After his college career, Hanta played minor league baseball in Texas in 1954-56 where he made $300 a month. Later, he joined the U.S. Army from 1956-58, where he was stationed at Fort Lee, Va., and then played briefly for Asahi, Hawai'i's most storied senior league team that was owned by the late Angel Maehara.
In 1958, Maehara negotiated a pro baseball contract in the Japanese Pacific League for Hanta, who signed a $5,000 bonus to play for the Nankai Hawks. The team advanced to the Japan World Series in 1959 where it swept the powerhouse Yomiuri Giants in four games.
"I couldn't sleep the night before the first game," said Hanta, who missed the majority of the series after sustaining a chest injury on a slide attempt in the first game. "Our pitcher (Tadashi Sugiura) pitched in all four games, and won all four games."
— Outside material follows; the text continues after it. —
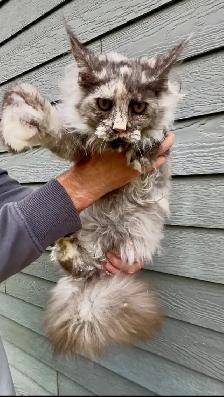 Chat femelle Maine Coon - Photo 3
Hanta was selected as an all-star in 1959-60, and later played for the Chunichi Dragons in 1962. Hanta retired from the pros in 1962, and coached professionally in Japan with Nankai, Chunichi and Toei for 10 more years.
To this day, Hanta's best catch in Japan was meeting his wife, Michiko, a former usherette at Osaka Stadium. They were married on April 1, 1960, a week before opening day.
"He was always thinking about baseball," said Michiko, who has accepted her husband's intense love for baseball. "If he lost a game, whoa! He had a habut (grumpy) face."